What is needed: Output a character-exact copy of the data, images removed.

+++ Data provided

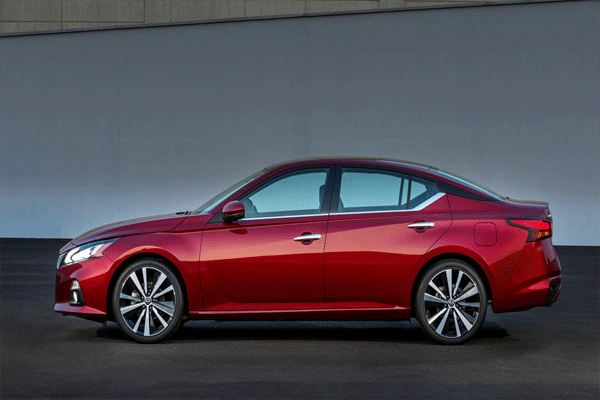 So sánh Honda Accord 2019 và Nissan Altima 2019 - 3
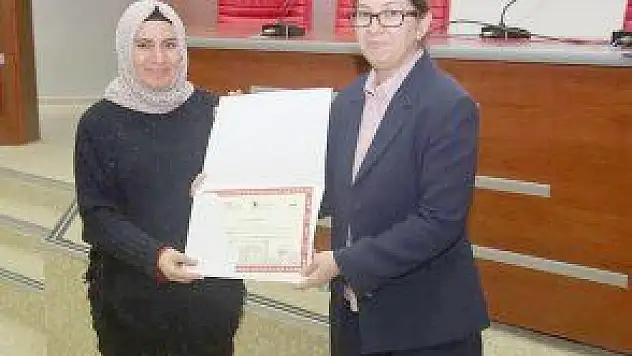 VALİLİKTE KİK EĞİTİMİNİ TAMAMLAYANLAR SERTİFİKALARINI ALDI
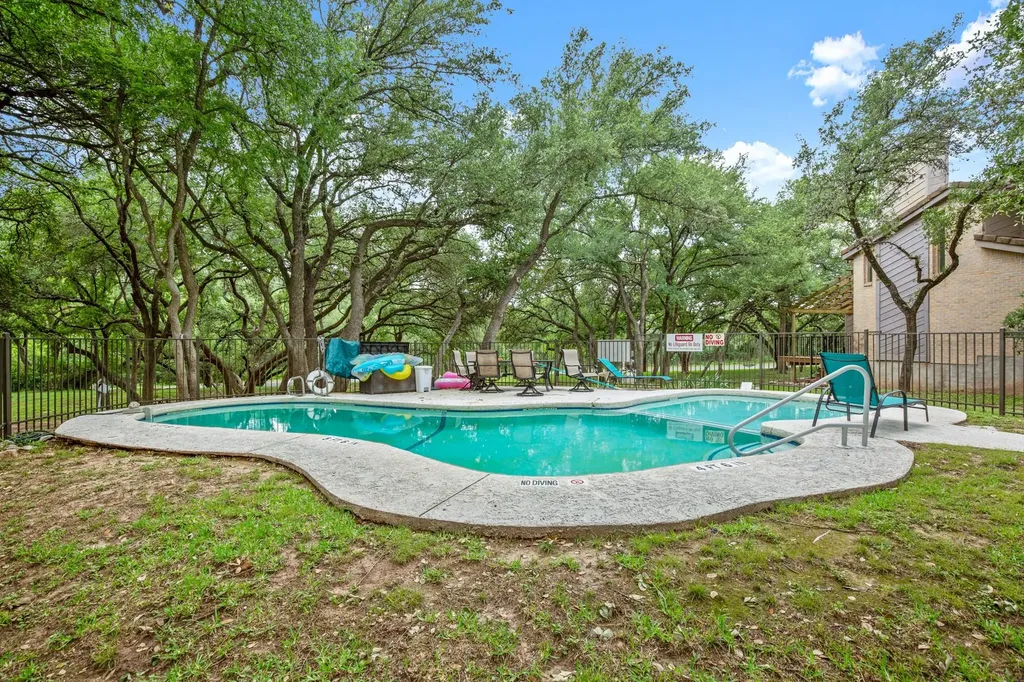 4116 Creek Ledge Austin TX 78731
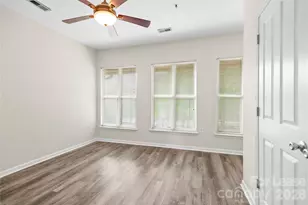 567 E 9th St, Charlotte, NC 28202 - Photo 20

++++++

Answer to this exercise:
 So sánh Honda Accord 2019 và Nissan Altima 2019 - 3
 VALİLİKTE KİK EĞİTİMİNİ TAMAMLAYANLAR SERTİFİKALARINI ALDI
 4116 Creek Ledge Austin TX 78731
 567 E 9th St, Charlotte, NC 28202 - Photo 20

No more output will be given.